Index(['permitnumber', 'worktype', 'permittypedescr', 'description',
       'comments', 'applicant', 'declared_valuation', 'total_fees',
       'issued_date', 'expiration_date', 'status', 'owner', 'occupancytype',
       'sq_feet', 'address', 'city', 'state', 'zip', 'property_id',
       'parcel_id', 'lat', 'long'],
      dtype='object')

In [12]:
df

Unnamed: 0,permitnumber,worktype,permittypedescr,description,comments,applicant,declared_valuation,total_fees,issued_date,expiration_date,...,occupancytype,sq_feet,address,city,state,zip,property_id,parcel_id,lat,long
0,A100071,COB,Amendment to a Long Form,City of Boston,Change connector link layout from attached enc...,Renee Santeusanio,40000.00,429.0,2011-11-04 11:04:58,2012-05-04 00:00:00,...,Comm,170.0,175 W Boundary RD,West Roxbury,MA,02132,17268,2012032000,42.260750,-71.149610
1,A1001012,OTHER,Amendment to a Long Form,Other,Amend Alt943748 to erect a roof deck as per pl...,Jusimar Oliveria,5000.00,70.0,2020-06-01 14:08:47,2020-12-01 00:00:00,...,1-3FAM,0.0,15 Prospect ST,Charlestown,MA,02129,113443,0202837000,42.375243,-71.057585
2,A1001201,INTEXT,Amendment to a Long Form,Interior/Exterior Work,Build steel balcony over garden level with sta...,Andreas Hwang,74295.75,803.0,2019-11-13 13:38:56,2020-05-13 00:00:00,...,Multi,0.0,211 W Springfield ST,Roxbury,MA,02118,129994,0402558000,42.340600,-71.080250
3,A100137,EXTREN,Amendment to a Long Form,Renovations - Exterior,Landscaping/stonework - amending permit #2801/...,,15000.00,206.0,2013-01-03 14:13:09,2013-07-03 00:00:00,...,1-2FAM,0.0,14 William Jackson AVE,Brighton,MA,02135,149852,2204944000,42.344600,-71.154050
4,A1001913,INTREN,Amendment to a Long Form,Renovations - Interior NSC,Amendment to issued permit ALT888985. relocate...,Ping Mandawe,1.00,33.0,2019-10-18 09:21:00,2020-04-18 00:00:00,...,Comm,0.0,130-140 Brighton AVE,Allston,MA,02134,20073,2100846000,42.352760,-71.131850
...,...,...,...,...,...,...,...,...,...,...,...,...,...,...,...,...,...,...,...,...,...
478014,U49993435,OSEAT,Use of Premises,Outside Seating,Outdoor patio / amenity space for commercial o...,Christine McMahon,0.00,50.0,2019-09-25 11:36:11,2020-03-25 00:00:00,...,Mixed,0.0,3 Center Pz,Boston,MA,02108,154961,0302713000,42.359180,-71.060040
478015,U49993435,OSEAT,Use of Premises,Outside Seating,Outdoor patio / amenity space for commercial o...,Christine McMahon,0.00,50.0,2019-09-25 11:36:11,2020-03-25 00:00:00,...,Mixed,0.0,3 Center Pz,Boston,MA,02108,154961,0302717000,42.359180,-71.060040
478016,U49993492,TEMTRL,Use of Premises,Temporary Trailers,Temporary Construction Trailer at Herb Chamber...,Regina Olivieri,1000.00,53.0,2019-09-12 13:07:00,2020-03-12 00:00:00,...,Comm,0.0,1188 Commonwealth Av,Allston,MA,02134,424193,2101574010,,
478017,U4999352,DRIVE,Use of Premises,Driveway Installation,Owners would like to install a curb cut and a ...,Maria Dubrowski,2700.00,53.0,2012-05-30 14:28:59,2012-11-30 00:00:00,...,1-2FAM,0.0,46 Burroughs ST,Jamaica Plain,MA,02130,24047,1901861000,42.313220,-71.117130


## Preprocessing

We decided for our first pass at the data to simply get the frequency of each applicant and each owner in the dataset. 
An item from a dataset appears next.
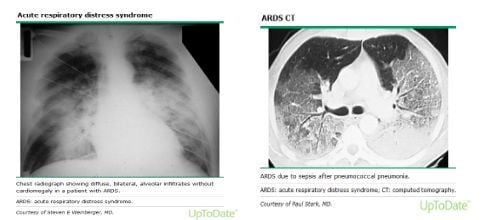 Người mắc bệnh phổi màu trắng có thể gặp biến chứng như hội chứng suy hô hấp cấp tính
This will show us which individuals are applying for housing permits on behalf of an org the most and which orgs are requesting permits the most.

In [3]:
applicants = pd.DataFrame(df['applicant'])
owners = pd.DataFrame(df['owner'])
applicants

Unnamed: 0,applicant
0,Renee Santeusanio
1,Jusimar Oliveria
2,Andreas Hwang
3,
4,Ping Mandawe
...,...
478014,Christine McMahon
478015,Christine McMahon
478016,Regina Olivieri
478017,Maria Dubrowski


Here we fill all the missing entries with the string "na" and cast all the entries to strings

In [4]:
applicants.fillna("na")
applicants = applicants.applymap(str)

owners.fillna("na")
owners = owners.applymap(str)

Here we define a function for prepping a column to be encoded. To eliminate inconsistencies across how the names were entered, we make all the entries lowercase and remove the spaces.

In [5]:
def prep_df_column(col, generate_map=False):
    """
    col: A pandas column-frame of strings
    generate_map: Whether or not to generate a map of the original values to the edited values 

    Outputs the columm with all the entries set to lowercase and with spaces removed
    """
    new_col = col.iloc[:, 0]
    new_col = [name.lower().replace(" ", "") for name in new_col]
    col_map = dict()
    if generate_map:
        for i in range(len(new_col)):
            col_map[new_col[i]] = col.iloc[:, 0][i]
        return new_col, col_map
    else:
        return new_col

We utilize the label encoder that we saw in class to encode the different string values in the columns, since we just need to get a count of the distinct entries. It probably isn't quite necessary here but it will be useful for future processing to get a handle on it.

In [6]:
# we split the encoders into two so they can keep track of their inverse transforms
applcants_encoder = LabelEncoder()
owners_encoder = LabelEncoder()

# here we also optionally output the mapping between the preprocessed values and the original, which we can use for display purposes
# however, building the map takes longer than we'd like
# applicants_cleaned, applicants_map = prep_df_column(applicants, generate_map=True)
# owners_cleaned, owners_map = prep_df_column(owners, generate_map=True)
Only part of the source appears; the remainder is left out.